So I’m generally pretty big on learning to listen to your body. I think bodies are smart. I think, when we learn to speak their language, they’re pretty good conversationalists. I think it’s important to cultivate a relationship with one’s body in much the same way that you’d cultivate a relationship with anyone else in your life. Sometimes, like any relationship, getting to the heart of things with your body isn’t easy.

Have you ever had a conversation like this?
You: “Honey, what’s wrong? You seem grouchy.”
Partner:“Nothing. I’m fine.”
You:“Really? Because you don’t seem fine.”
Partner: “…I’m fine. I’m just hungry. Low blood sugar…”
You: “Really? We just ate.”
Partner: “Huh.”

So I had a conversation much like this with my body last night. I got home from work feeling tired, jet-lagged (still), and grouchy. I was like: “Hey body, what’s up? What do you need?” and my body was like “Errghghghgg.” To which I replied: “Um. Okay. So, I’m hearing that you’re tired and need to unwind.
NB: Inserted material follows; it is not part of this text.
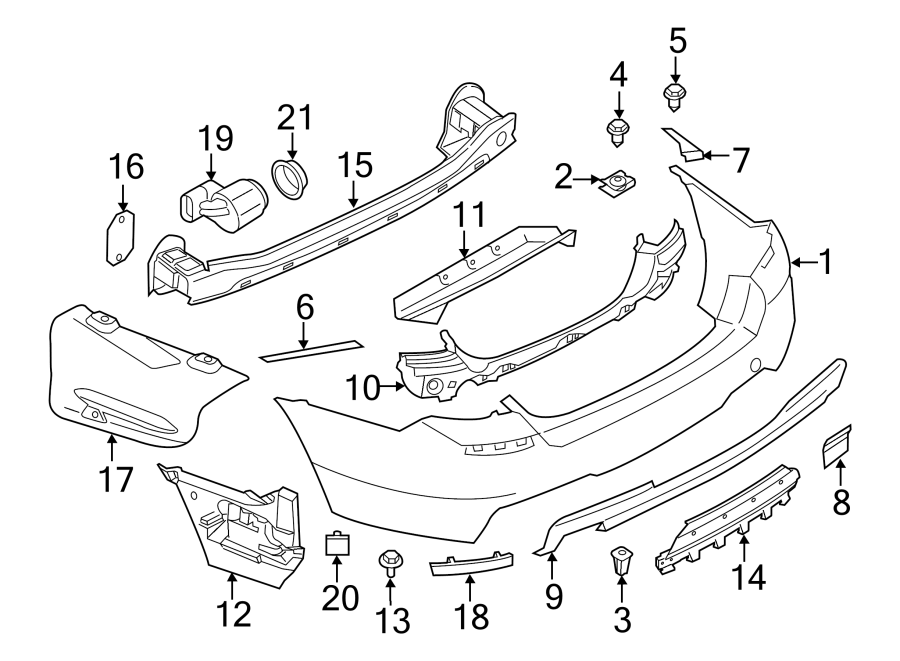 19Rear bumper. Bumper & components.https://images.simplepart.com/images/parts/motor/fullsize/1913821.png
Yes?” Body: “Hrmmmphhh….” Me: “I’ll take that as a yes. So, we have about an hour – how can I help?” Body: “…Um…Chocolate?”

Now it’s one thing to listen to your body, but as you’ve probably noticed, sometimes the first thing a partner says to you is not really the whole story. Sometimes your partner knows what’s wrong, but not how to fix it. Sometimes you have to dig a little deeper. Sometimes you have to use past experiences with this person to understand his/her patterns. Sometimes you have to ask again.
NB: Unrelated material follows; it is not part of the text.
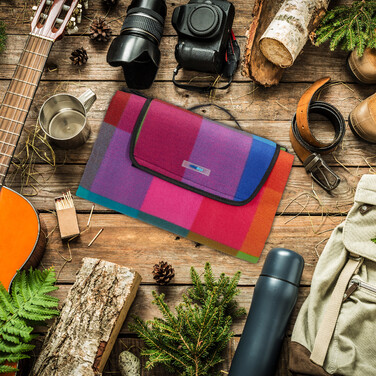 Relaxdays Picknickdecke bunt kariert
A little context. I sat at my desk all day yesterday, seeing clients, playing catchup, working hard. I didn’t get to ride my bike to work, so I’d barely moved my body at all. I had, however, eaten plenty – a delicious healthy lunch of farro with roasted butternut squash and arugula, a ginger cookie, an apple and some pecan butter mid-afternoon. I got home with an hour and half until I would meet with 2 more clients by phone. It was sunny outside - gorgeous, in fact. And yet, all I felt like doing was crawling under the covers with my book and a chocolate bar.
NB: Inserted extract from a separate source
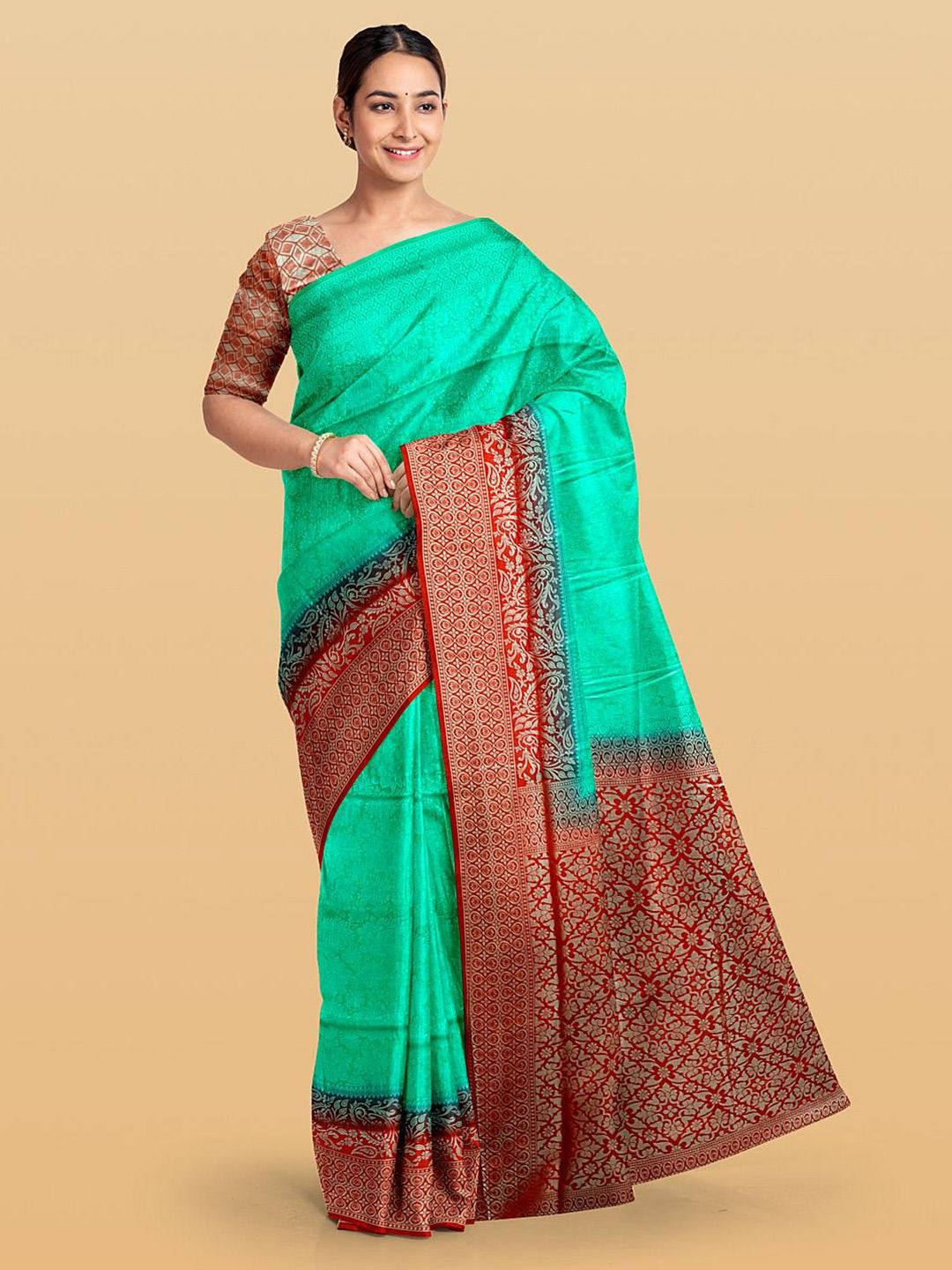 Kalamandir Sea Green & Red Ethnic Motifs Silk Blend Saree Price in India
But I know that trick. Chocolate makes me feel great for about 10 minutes while I’m eating it, and then not so great afterwards. This is particularly true if I’m “using” chocolate or other sweets in an attempt to unwind or boost my energy. I suspected that no amount of chocolate was going to make me feel rejuvenated and relaxed and ready to be present for 2 more hours of counseling. I also know from past experience that crawling under the covers would probably make me want to STAY under the covers. Since that wasn’t an option, I decided to reflect on what sort of activities do, usually, boost my energy and my mood? Well, gentle exercise, for one. Yoga is great. Neighborhood walks are also good (particularly on sunny days). In my current state, yoga seemed a bit ambitious. I decided that a walk might be doable. If I could just get my shoes on and coax myself out the door…then all I had to do was put one foot in front of the other.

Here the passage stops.